Thursday, August 4, 2011

The Surgical Team and the Operation

My operation was done under a spinal anesthetic, so that I was completely conscious during the whole procedure. They inject a numbing injection to the spine first and then inject the anesthetic into a three places in the spine with a long needle. I was not too crazy about that! I had gone through a similar operation before so it was not a surprise.

During the course of the operation, there was a technician who was giving a running commentary top the surgeons about the positioning of the various procedures. He was using x-ray technology to guide them in their work and was an integral part of the team.

The automatic blood pressure monitoring system in that operating theater failed during my operation, so the doctors had to use the old fashioned manual ones, until another automatic one was brought from an adjoining operating theater and settled that problem. It was a little panic stations at first, as it is not easy to check the blood pressure every few minutes manually while under surgery.

The two main surgeons who performed the surgery, Dr Pubudu and Dr Dhammika were the ones who had performed the surgery last time on me. It was interesting that one of them suddenly came up with questions about my life, that he knew and said he had been reading my blogs!! Dr Banagala, was the overall consulting Orthopedic Surgeon, who was handling the case and was reviewing the work done by his HOs or House Officers.

The surgery took a while due to some adjustments that has to be made to the original plate implants as some nuts had to be removed and tightened etc. and then the tissue in the area of the joint had to be removed for the bone graft to be inserted. So it was not easy to reach all the areas to remove the tissue that had formed in the past six months instead of the bone tissue which would have formed if it fused. The cut nearer my waist to take bone near the hip for the graft had to be stitched up soon after the bone fragments were removed, as otherwise the anesthetic would have worn off. as it starts wearing off from the waist down.

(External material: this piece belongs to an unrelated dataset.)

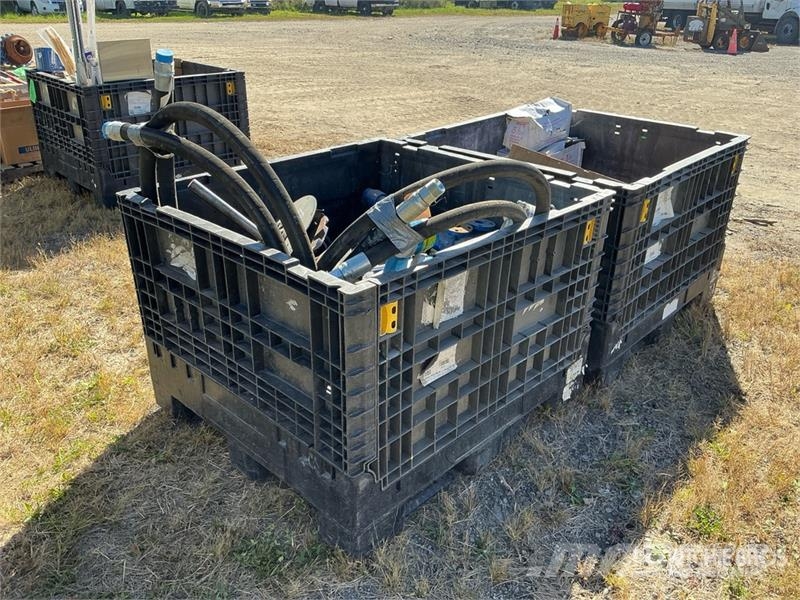 Quantity of Misc. Pump Parts, Valves, Pneumatic Ac Pumpe za vodu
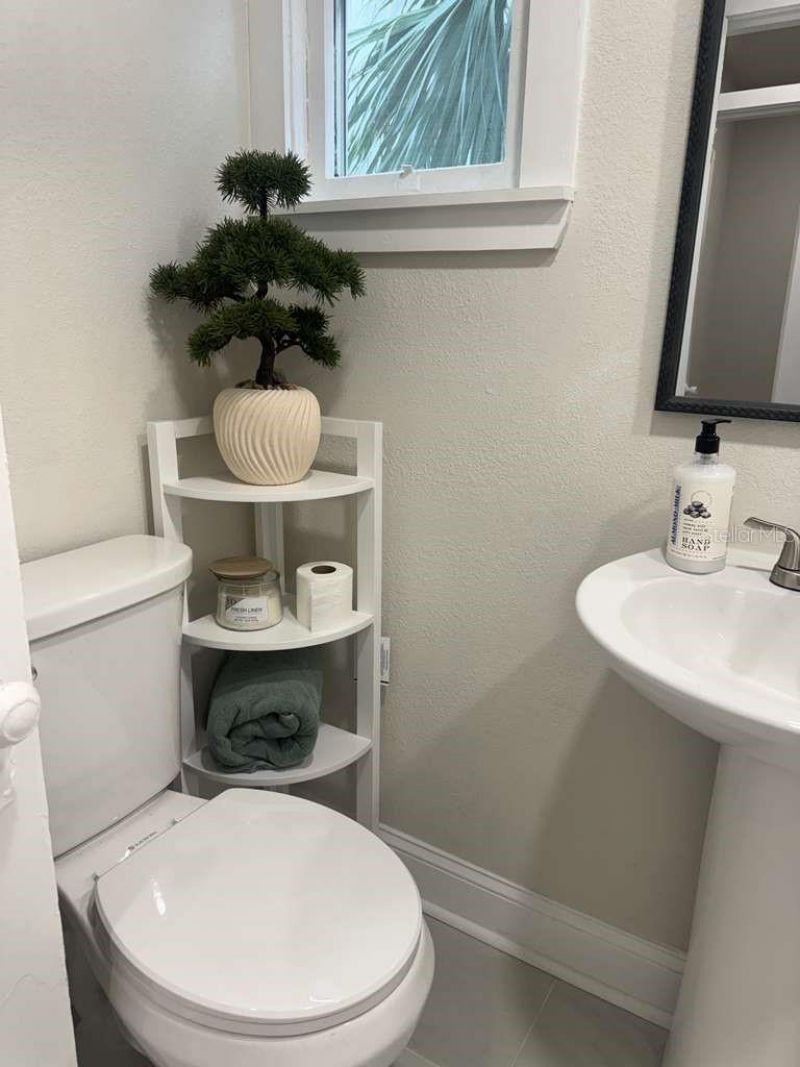 824 6th Street N, Unit 2, Saint Petersburg, FL 33701 Photo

A cousin who is an Anesthesiologist was also in the operating theater, and she knew the consultant anesthetist at the operation. I was not taken into the operating theater immediately so I was waiting for another surgery to finish. When mine started late, and went on for a long time, the number of staff in the theater also seemed to diminish, much like them going to lunch while the operation was going on, like hang on I am still cut up, where are you guys off to? Anyway I guess the surgeons were so confident of their tasks, even the consultant sneaked off giving final instructions on exactly what procedures to do, knowing he could rely on his team!

After the operation, I was waiting a while to be taken back to the room, and then the next team for the afternoon surgeries were getting ready with their roster. It is amazing how busy these operating theaters must be in the National Hospital. Once I got to the room, there was no one to greet me and as I did not have my mobile phone was unable to tell my family that I was OK and back in the room, in case they were wondering why it took so long.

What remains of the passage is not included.